The trees and aromatic shrubs on the estate – lime, guava, pomegranate, neem, khejri, gulmohur, chameli, champa, parijat, hibiscus and others – are all local varieties, known for their hardiness and low water requirement. The estate is kept green through sprinklers and drip irrigation; the aesthetic and eco-friendly swimming pool doubles up as an irrigation resource, making it possible for the pool water to be freshly refilled on a daily basis. All water needs at Savista are met from groundwater that is pure and sweet and fit to drink. Recharge wells ensure that excess runoff is harvested, while rooftop and courtyard rainwater is harvested using a gravity-based system of water supply/drainage pipes.
Fallen leaves and farm and kitchen wastes are recycled for the preparation of manure using compost pits. Farmyard manure using cow/buffalo dung, supplements the manure used for crops and gardening.
Energy conservation is a high priority at Savista. Solar roof panels heat water for bathroom and kitchen use. The haveli uses CFL (energy-saving) bulbs for all its lighting requirements, supplemented by locally manufactured candles. During winter, pruned twigs and logs from Savista’s trees are used for heating, lighting bonfires in the courtyard and in the open-air dining area, and for fireplaces in the dining room, bar and a few select guest rooms.
Socially Responsible Destination
Savista’s social inclusion policy takes several forms.

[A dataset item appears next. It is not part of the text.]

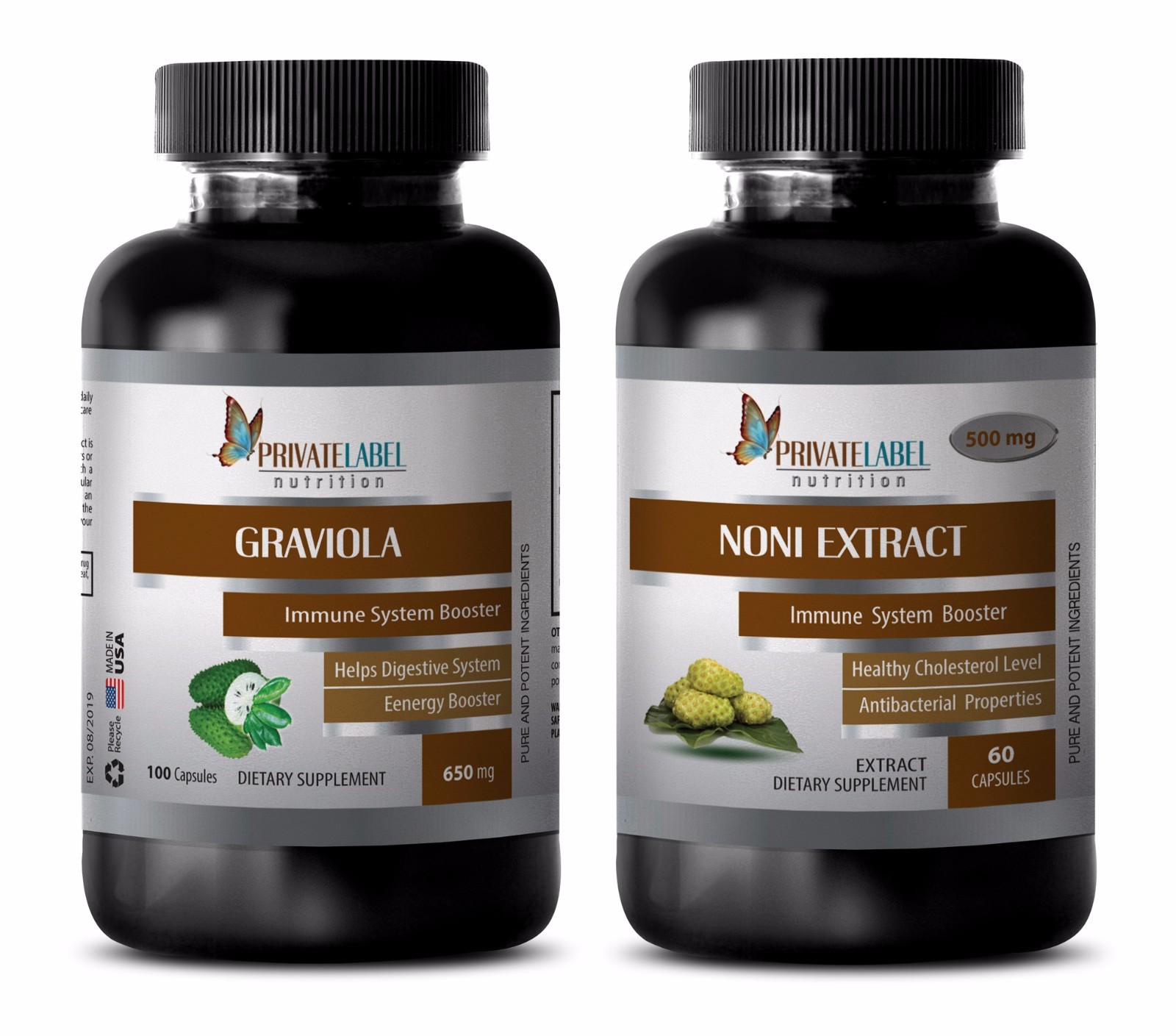 Weight loss herbs - GRAVIOLA – NONI Combo - graviola diet - fat burner pills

Most of the housekeeping and farm staff are drawn from the surrounding communities, irrespective of caste or religious identity, and trained in modern skills. Where necessary, staff are provided with housing and food; alternatively, they are given transport to and from work. Local mechanics are used for maintenance of pumps, generators and other farm equipment.
Neighbouring farming families get free access to Savista’s freshly-mown grass for feeding their cows, whose milk is in turn bought back by Savista for its own requirements. Savista continues to uphold the traditional practice of permitting nomadic herders of camels, sheep and goats to annually harvest the leaves of its 150-odd khejri trees for use as animal fodder. No family in the area, irrespective of social position, is denied access to Savista’s water for household use, should their own water source become unavailable temporarily.
Savista’s philosophy of socially responsible living stems from the social/political and spiritual heritage of its owners. An ancestor of the family in the mid-19th century chose to renounce his feudal patrimony and become a sanyasi (ascetic). In doing so, he exhorted his descendants to integrate a core set of philanthropic and spiritual values into their feudal lifestyle. There thus developed in these villages the tradition of a less-sharply-unequal feudal society. More recently at the time of India’s independence, the then family patriarch ensured that all the land of these two villages under his control was redistributed among the resident tenant population. He also took the leadership in dismantling many of the old norms of social inequality through example – endowing considerable amounts of land as ‘public properties’ for schools, temples, pastures, and social forestry projects, and empowering the dalit castes (erstwhile ‘untouchables’) through land ownership deeds. The result is that there is not a single household in this area that does not own land. The visitor will also find that the ubiquitous poverty and inequalities that India is infamous for are less acute here.